4. Values-based benefits and recognition.
“Live life adventurously” is one of Go Ape’s values that not only applies to its clients but also internally. It’s a value, among others, that is strongly considered when structuring benefits.
Benefits and recognition don’t always have to be cash incentives. Marti has dug deep into the tools Go Ape already relies on for payroll and HR to leverage additional employee benefits. He outlined a few of these helpful features that are highly rated by employees:
Recognition: Utilizing a tool within its payroll service, Marti has customized digital “impression badges” so they align with Go Ape culture. These badges, awarded by both management and peers, are used to recognize team members who embody Go Ape’s standards and values.
On-demand pay: An “on-demand pay” feature in payroll allows employees to get paid on any day they need it, for earned wages. This has been a top-rated benefit among many Go Ape employees.
Tiered PTO: “Unlimited PTO” is a buzzword these days, but often causes workers to take less time off. Go Ape structured time off so that after a certain number of years of service, you earn unlimited PTO. Employees want to earn it (and stay longer) and utilize it like they should.
Paid volunteer hours: One of Go Ape’s values is to “be socially and environmentally responsible.” The company has incorporated paid volunteer hours and group service days for the leadership team.
Mental health assistance programs: Go Ape utilizes an “Employee Assistance Program” that allows employees experiencing mental health challenges to reach out directly to a professional for help rather than going through their manager.
5. Remove mundane tasks via automation.
When it comes to company culture, the happiest workplaces use and prioritize automation, according to a recent study published by Business Wire. Automation allows for staff to focus on more purposeful and creative work—six in 10 professionals believe it leads to higher morale and more interesting work.
Automation can be made easy by understanding the systems you have and the pain points your staff are experiencing. A great place to start is to create a (safe) opportunity for teams and staff to articulate what they “hate” about their daily work, so you can address it and brainstorm ways to improve it.
The Flybook has asked this question in the past. Here are some problems that came up in the responses, and the ways a reservations or software system can solve each via automation:
The problem: Answering the phones for simple reservation modifications. Specifically, it is monotonous for staff to adjust reservations and distracts from more interesting work.
The solution: A guest self-modification feature in your booking software allows guests to make changes or cancel their reservations online without a phone call. Utilizing a feature like this means staff spend less time on the phone and more time tackling bigger issues or doing more creative work.

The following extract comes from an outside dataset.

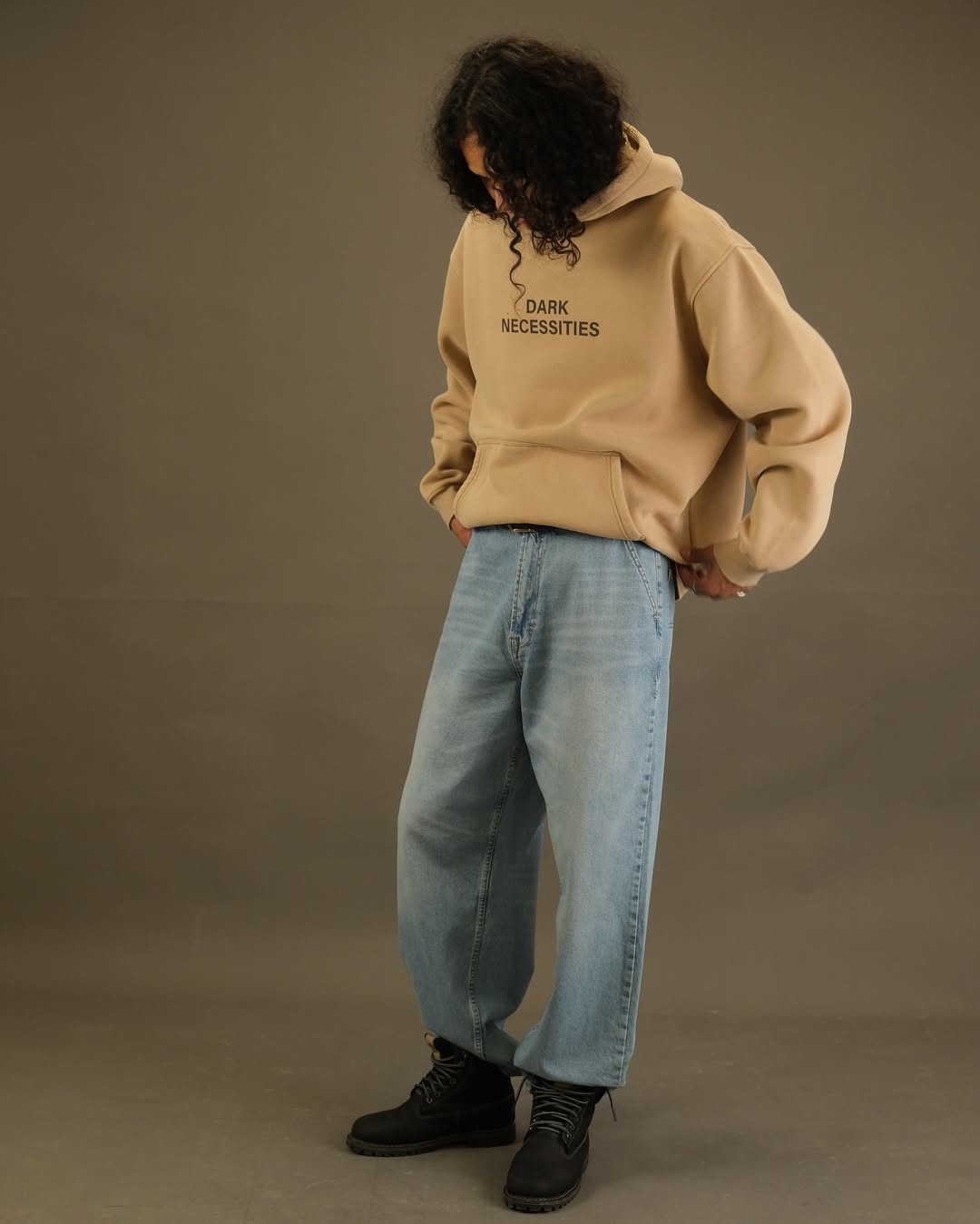Hoodie Dark Necessities beige grunge 400g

The problem: Managing large groups. With multiple waivers, restrictions, and logistics, managing large groups is tedious for staff.
The solution: Group management tools allow for shared waivers (internally managed within the software), and customer relationship management (CRM) tools help move a group through a pipeline of tasks to the reservation.
The problem: Managing weather changes. When bad weather strikes, it becomes an all-out scramble to make sure guests are aware or updated on conditions.
The solution: Digitally produced and distributed on-demand rain check and mass text communication tools allow operators to push weather alerts and operational notices directly to affected guests.
Automation tools like these and others—such as text tipping or survey requests—are small ways to reduce headaches for yourself and your staff. In turn, staff will appreciate how you work to make their lives easier. All of which supports a robust company culture, a key factor in effective employee recruitment and retention.